The data>
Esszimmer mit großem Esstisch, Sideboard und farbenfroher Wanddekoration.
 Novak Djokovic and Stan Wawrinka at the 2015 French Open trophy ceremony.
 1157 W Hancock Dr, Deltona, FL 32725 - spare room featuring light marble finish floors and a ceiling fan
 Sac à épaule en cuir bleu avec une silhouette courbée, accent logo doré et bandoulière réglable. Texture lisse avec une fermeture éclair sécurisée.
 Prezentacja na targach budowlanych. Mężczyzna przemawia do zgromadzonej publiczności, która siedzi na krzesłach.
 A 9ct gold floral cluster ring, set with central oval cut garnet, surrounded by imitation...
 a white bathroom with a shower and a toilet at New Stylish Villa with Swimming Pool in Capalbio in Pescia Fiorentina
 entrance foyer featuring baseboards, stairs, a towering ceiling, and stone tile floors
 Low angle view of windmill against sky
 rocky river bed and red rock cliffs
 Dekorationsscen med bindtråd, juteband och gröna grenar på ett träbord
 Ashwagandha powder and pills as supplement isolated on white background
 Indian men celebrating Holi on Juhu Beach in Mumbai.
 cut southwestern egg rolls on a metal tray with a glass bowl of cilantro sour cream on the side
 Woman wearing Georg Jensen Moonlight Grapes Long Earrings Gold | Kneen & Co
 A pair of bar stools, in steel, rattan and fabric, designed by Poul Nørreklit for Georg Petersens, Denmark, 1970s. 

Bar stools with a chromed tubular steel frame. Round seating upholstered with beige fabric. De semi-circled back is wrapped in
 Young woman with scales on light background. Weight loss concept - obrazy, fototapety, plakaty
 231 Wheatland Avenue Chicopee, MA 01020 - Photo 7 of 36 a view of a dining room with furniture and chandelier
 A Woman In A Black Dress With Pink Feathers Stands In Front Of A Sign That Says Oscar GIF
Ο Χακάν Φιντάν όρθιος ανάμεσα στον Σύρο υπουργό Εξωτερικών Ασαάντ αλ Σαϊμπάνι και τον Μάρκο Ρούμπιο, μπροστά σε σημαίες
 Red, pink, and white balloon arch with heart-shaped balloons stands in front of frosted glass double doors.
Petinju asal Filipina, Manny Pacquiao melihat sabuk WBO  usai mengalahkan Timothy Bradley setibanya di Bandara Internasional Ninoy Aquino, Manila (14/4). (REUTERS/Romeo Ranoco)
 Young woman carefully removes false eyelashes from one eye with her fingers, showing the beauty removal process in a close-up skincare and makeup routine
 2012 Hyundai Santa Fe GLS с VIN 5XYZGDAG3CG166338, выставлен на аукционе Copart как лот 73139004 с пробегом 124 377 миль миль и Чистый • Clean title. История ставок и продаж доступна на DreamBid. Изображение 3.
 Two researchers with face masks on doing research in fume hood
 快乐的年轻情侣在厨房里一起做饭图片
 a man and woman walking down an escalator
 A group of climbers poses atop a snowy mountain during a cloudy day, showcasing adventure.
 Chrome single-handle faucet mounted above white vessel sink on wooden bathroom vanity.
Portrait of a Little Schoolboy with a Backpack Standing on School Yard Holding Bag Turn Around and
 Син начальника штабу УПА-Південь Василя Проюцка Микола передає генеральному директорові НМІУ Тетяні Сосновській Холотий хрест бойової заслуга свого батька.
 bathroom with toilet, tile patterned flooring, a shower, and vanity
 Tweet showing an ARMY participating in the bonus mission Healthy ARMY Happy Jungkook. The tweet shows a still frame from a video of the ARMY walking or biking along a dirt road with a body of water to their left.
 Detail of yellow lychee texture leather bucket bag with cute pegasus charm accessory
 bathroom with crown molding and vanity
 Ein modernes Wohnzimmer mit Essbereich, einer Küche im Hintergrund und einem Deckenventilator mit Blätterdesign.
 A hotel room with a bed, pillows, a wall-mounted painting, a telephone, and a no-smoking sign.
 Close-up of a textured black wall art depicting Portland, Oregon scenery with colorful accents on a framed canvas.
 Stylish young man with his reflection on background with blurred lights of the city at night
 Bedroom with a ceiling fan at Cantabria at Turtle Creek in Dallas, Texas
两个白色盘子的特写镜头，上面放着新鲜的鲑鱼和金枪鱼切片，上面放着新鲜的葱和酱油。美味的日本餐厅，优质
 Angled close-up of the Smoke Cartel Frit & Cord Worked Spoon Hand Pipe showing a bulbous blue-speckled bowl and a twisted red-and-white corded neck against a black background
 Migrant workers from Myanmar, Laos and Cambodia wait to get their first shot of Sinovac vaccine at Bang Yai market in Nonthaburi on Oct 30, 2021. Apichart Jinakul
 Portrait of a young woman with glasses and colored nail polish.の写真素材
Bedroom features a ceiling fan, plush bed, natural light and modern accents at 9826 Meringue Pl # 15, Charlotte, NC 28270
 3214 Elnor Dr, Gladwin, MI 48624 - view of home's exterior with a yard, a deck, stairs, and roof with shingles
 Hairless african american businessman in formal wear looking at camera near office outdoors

Problem>
What you return should be the lines from the beginning of the records through the one that contains "Sac à épaule", repeated exactly and with no additions.

Task output>
Esszimmer mit großem Esstisch, Sideboard und farbenfroher Wanddekoration.
 Novak Djokovic and Stan Wawrinka at the 2015 French Open trophy ceremony.
 1157 W Hancock Dr, Deltona, FL 32725 - spare room featuring light marble finish floors and a ceiling fan
 Sac à épaule en cuir bleu avec une silhouette courbée, accent logo doré et bandoulière réglable. Texture lisse avec une fermeture éclair sécurisée.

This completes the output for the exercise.